Copy every line of the data exactly, keeping out any picture.
==========
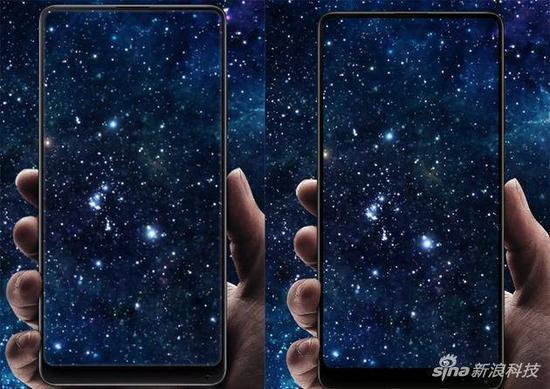 小米更换了MIX 2渲染图,边框比例稍微接近真机了一点。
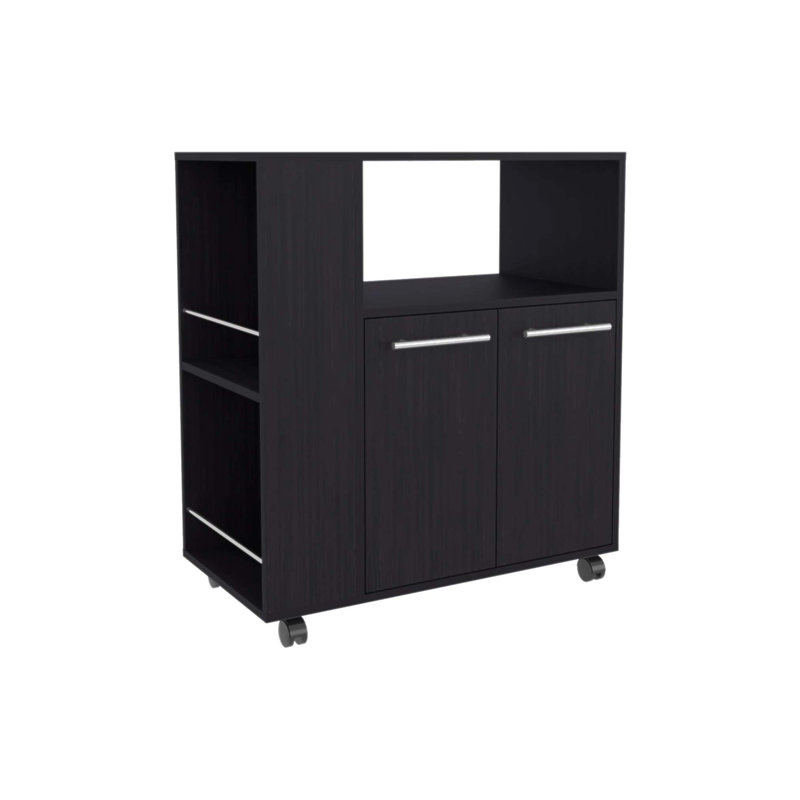 Wengue Kitchen Cart with Microwave Shelf and Open Storage, Perfect for Small Kitchens and Efficient Organization., Black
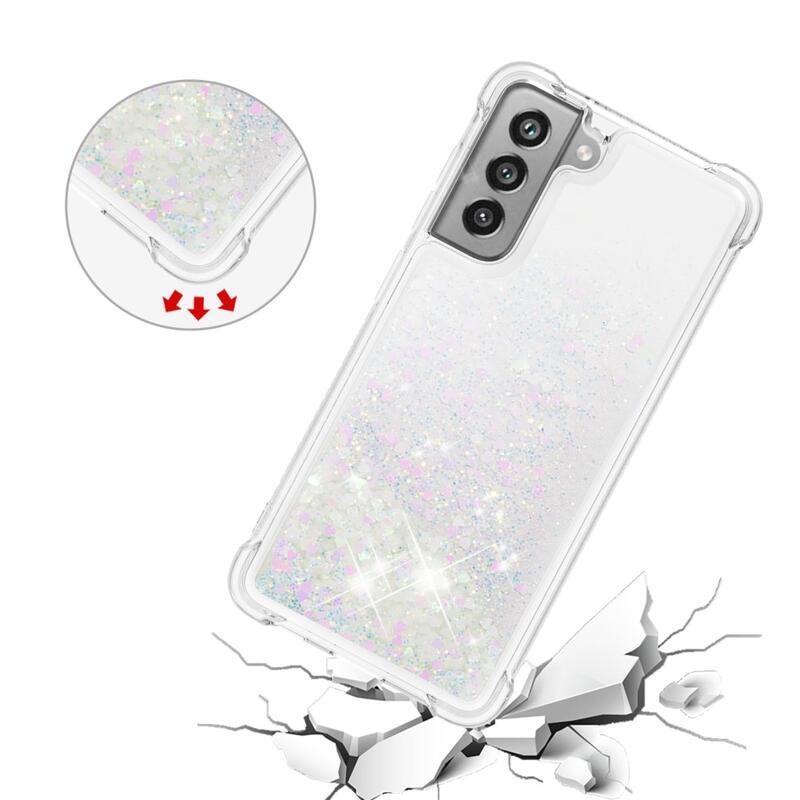Csillogó homokóra zselés tok Samsung Galaxy S21 FE 5G - rózsaszín/ezüst/szív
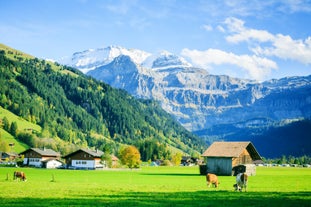 Photo of aerial view of Lenk  village in Switzerland.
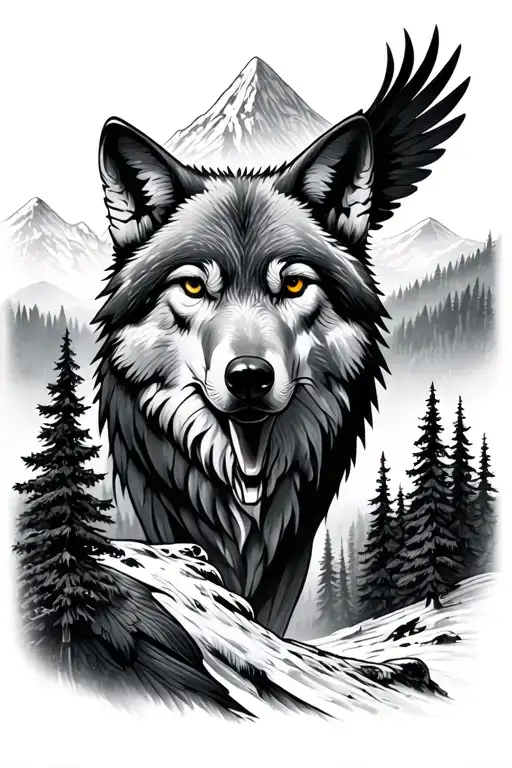 wolf and eagle and forest and mountain landscape tattoo design idea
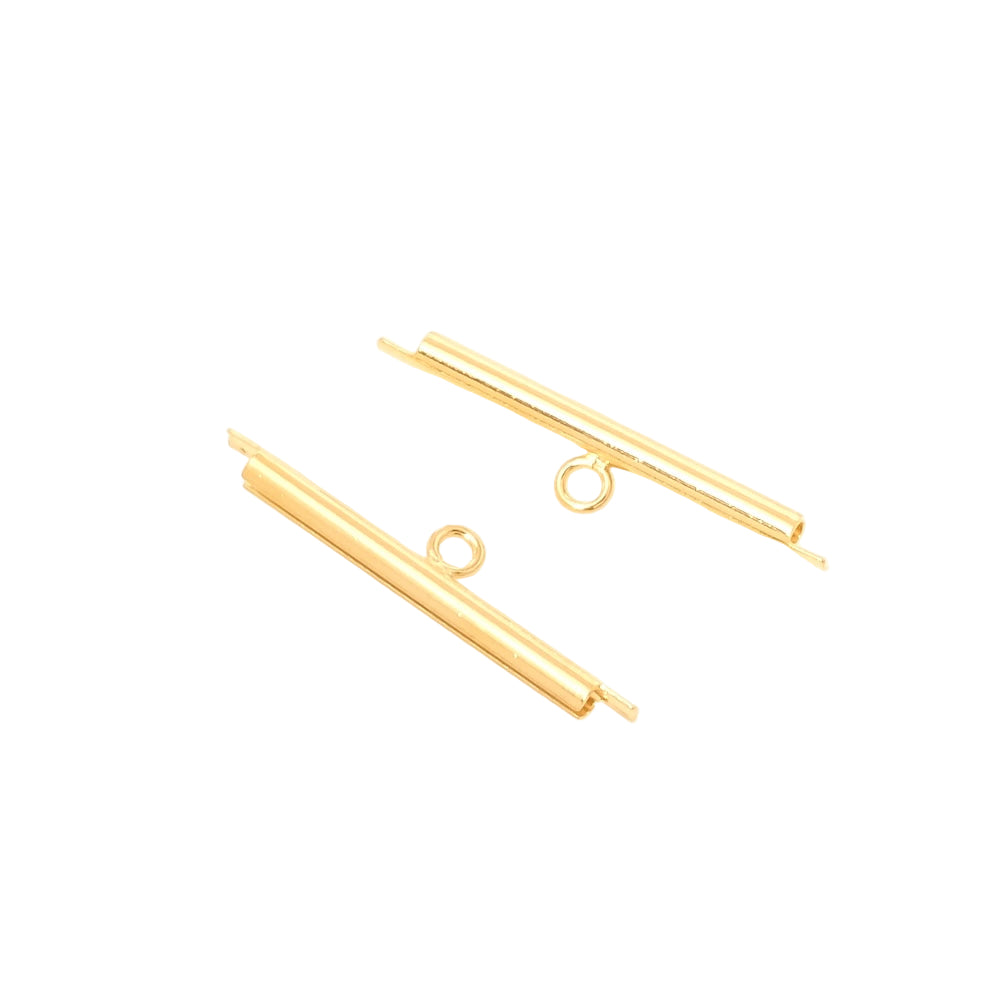 2 embouts tubes Miyuki pour tissage de perles 25mm en métal doré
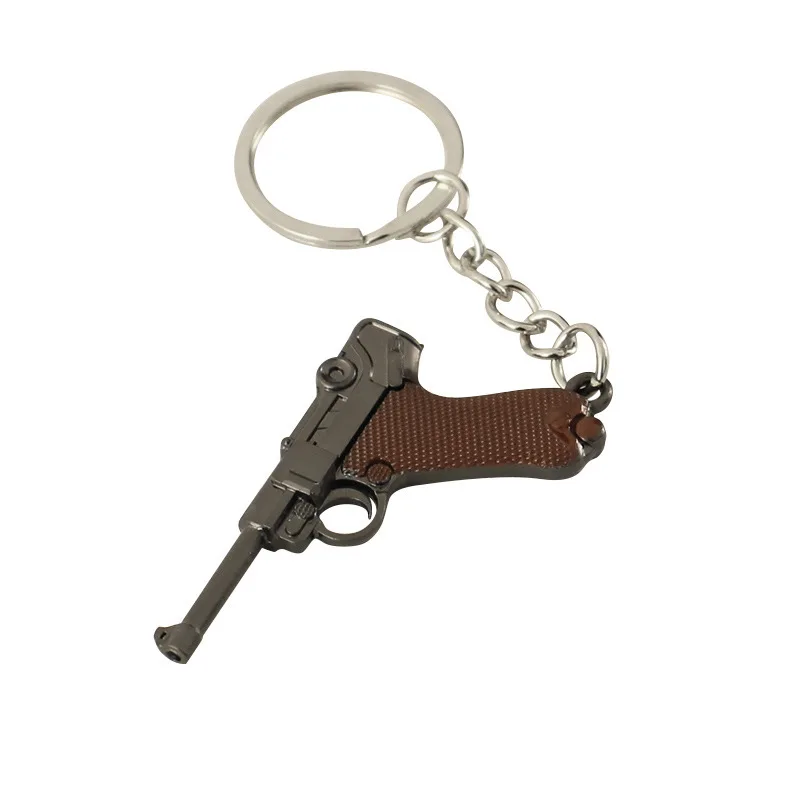 5cm PUB Gun Keychain Model Mini Ruger P08 Small Gun Pendant All Metal Keyrings Game Peripherals Gifts for Boys Collectibles Doll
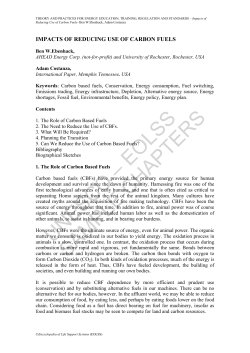 Impacts of Reducing Use of Carbon Fuels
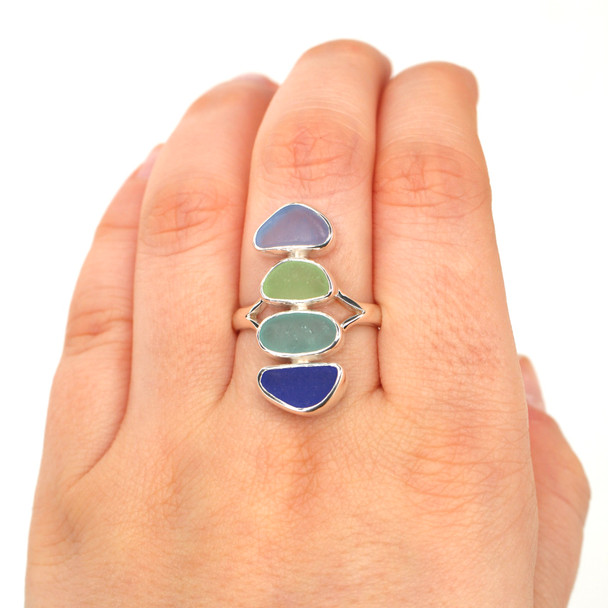 Cornflower Mist Sea Glass 4 Stone Rainbow Ring - Size 9 on model for color reference. 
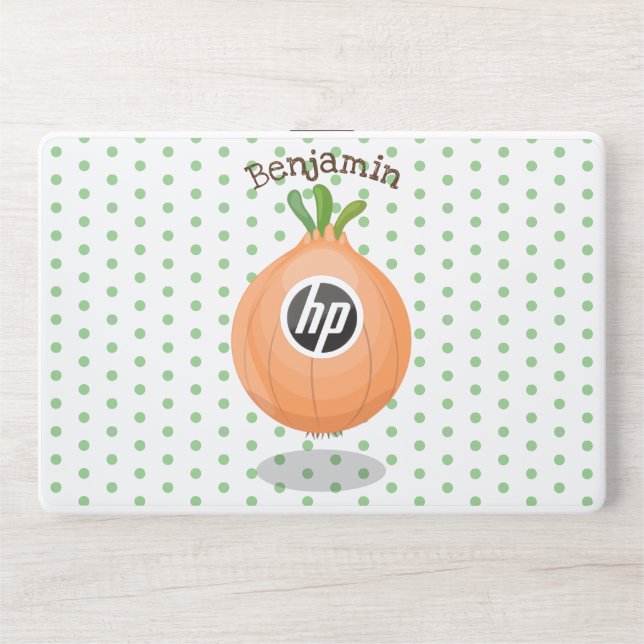 Cute happy brown onion green cartoon illustration HP laptop skin (Front)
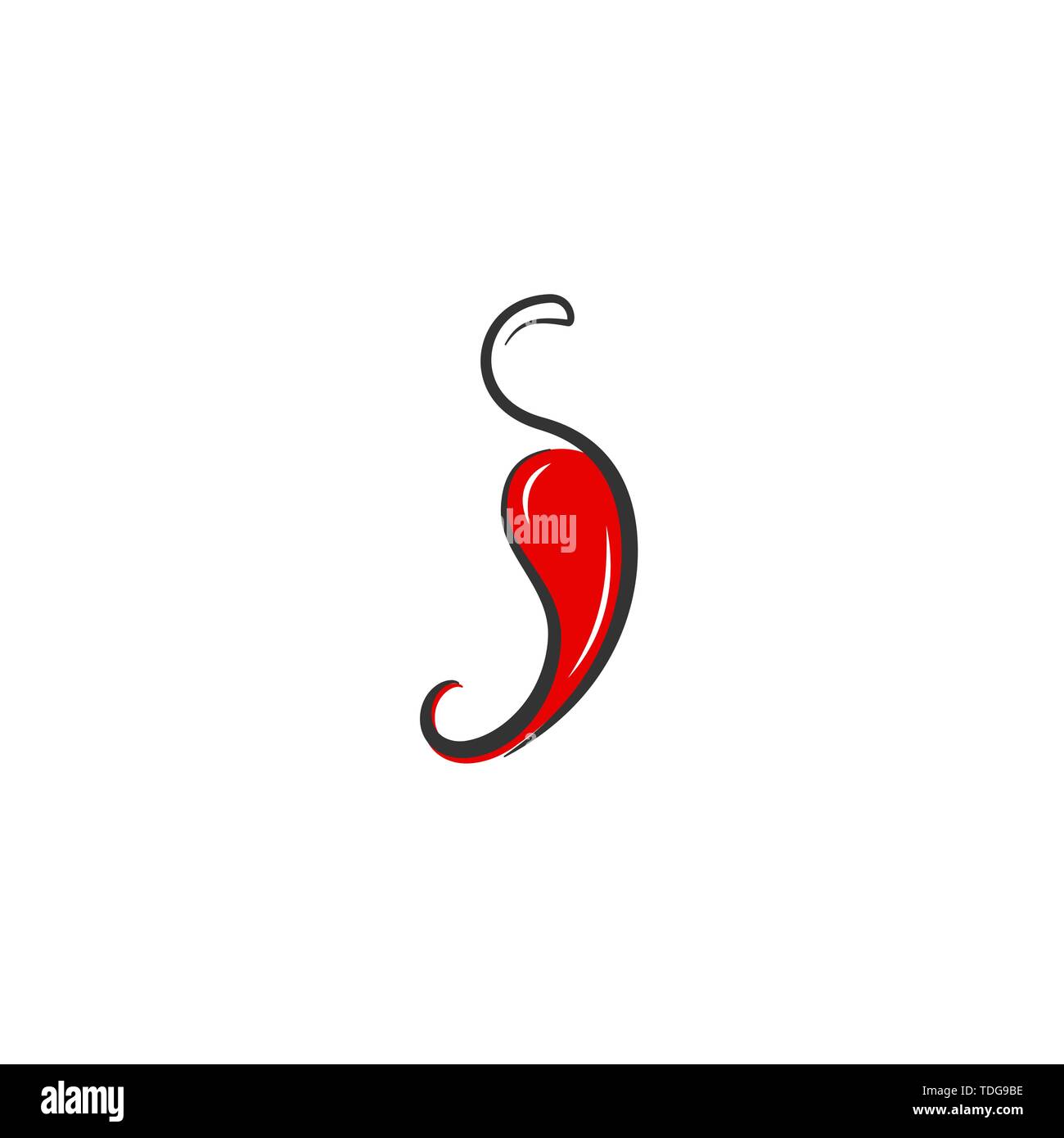Red Hot Chili Pepper Or Cayenne Or Jalapeno Icon With Black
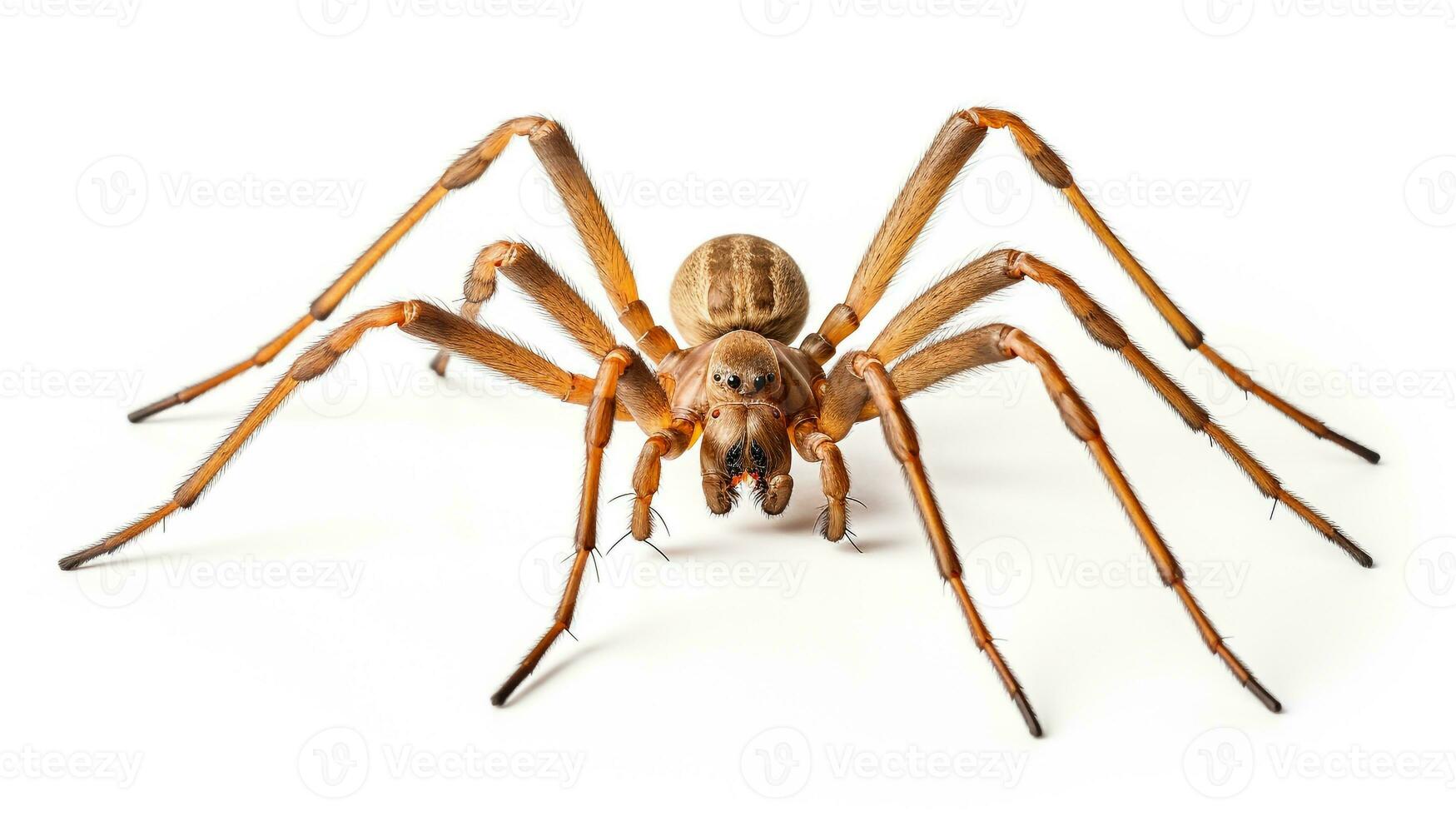 AI generated Photo of Brown Recluse Spider isolated on white background. Generative AI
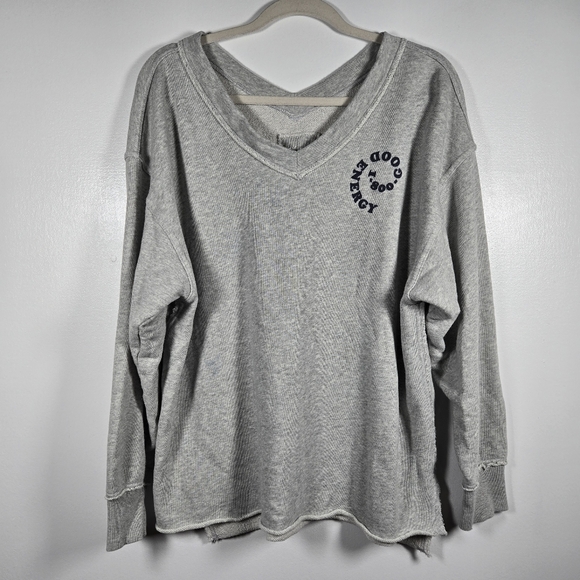 Aerie Wonder Good Energy Gray V-Neck Oversized Comfy Sweatshirt Size Medium - Picture 3 of 16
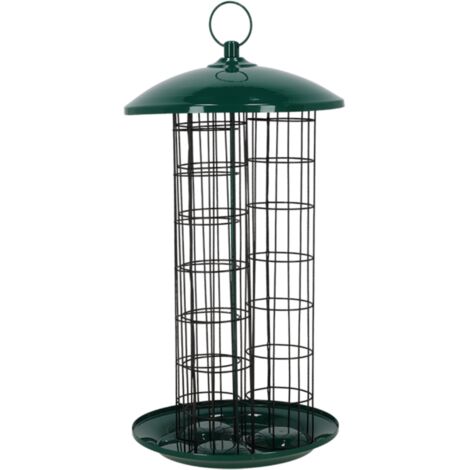 Distributeur de boules de graisse pour oiseau en métal - Vert - D 23 x H 44 cm - Livraison gratuite (1/5)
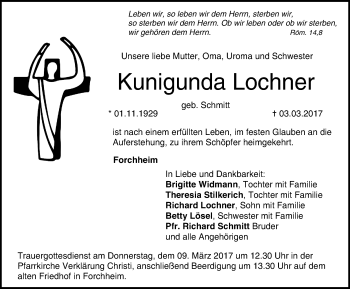 Traueranzeige von Kunigunda Lochner von Nordbayerische Nachrichten Forchheim Lokal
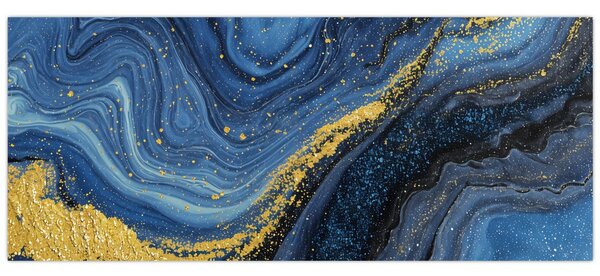 Slika - Plavo-zlatna apstrakcija (120x50 cm)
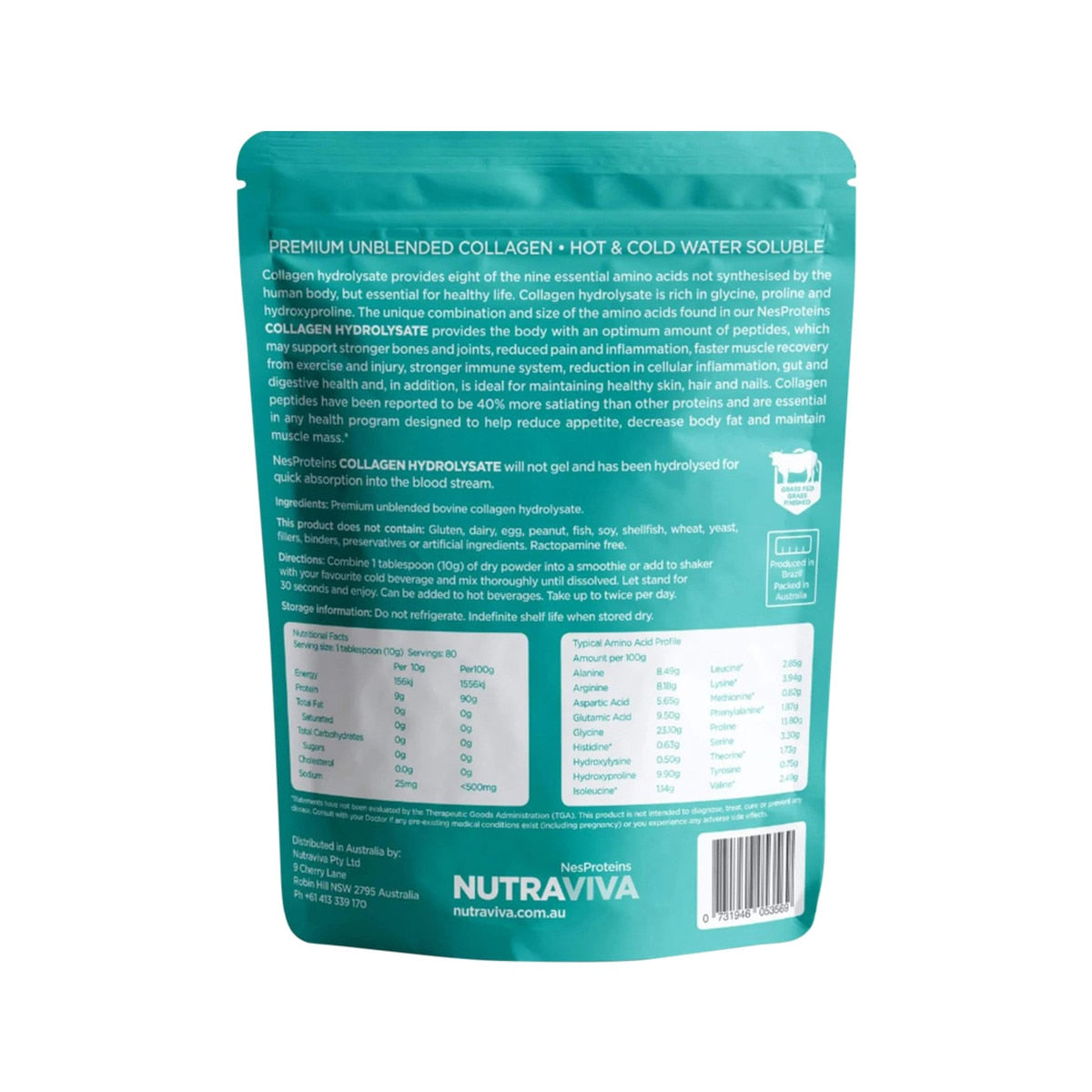 Nutraviva Collagen Hydrolysate (Beef) 800g - Cutprice Online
==========
SOLUTION FOR THIS EXERCISE:
 小米更换了MIX 2渲染图,边框比例稍微接近真机了一点。
 Wengue Kitchen Cart with Microwave Shelf and Open Storage, Perfect for Small Kitchens and Efficient Organization., Black
Csillogó homokóra zselés tok Samsung Galaxy S21 FE 5G - rózsaszín/ezüst/szív
 Photo of aerial view of Lenk  village in Switzerland.
 wolf and eagle and forest and mountain landscape tattoo design idea
 2 embouts tubes Miyuki pour tissage de perles 25mm en métal doré
 5cm PUB Gun Keychain Model Mini Ruger P08 Small Gun Pendant All Metal Keyrings Game Peripherals Gifts for Boys Collectibles Doll
 Impacts of Reducing Use of Carbon Fuels
 Cornflower Mist Sea Glass 4 Stone Rainbow Ring - Size 9 on model for color reference. 
 Cute happy brown onion green cartoon illustration HP laptop skin (Front)
Red Hot Chili Pepper Or Cayenne Or Jalapeno Icon With Black
 AI generated Photo of Brown Recluse Spider isolated on white background. Generative AI
 Aerie Wonder Good Energy Gray V-Neck Oversized Comfy Sweatshirt Size Medium - Picture 3 of 16
 Distributeur de boules de graisse pour oiseau en métal - Vert - D 23 x H 44 cm - Livraison gratuite (1/5)
 Traueranzeige von Kunigunda Lochner von Nordbayerische Nachrichten Forchheim Lokal
 Slika - Plavo-zlatna apstrakcija (120x50 cm)
 Nutraviva Collagen Hydrolysate (Beef) 800g - Cutprice Online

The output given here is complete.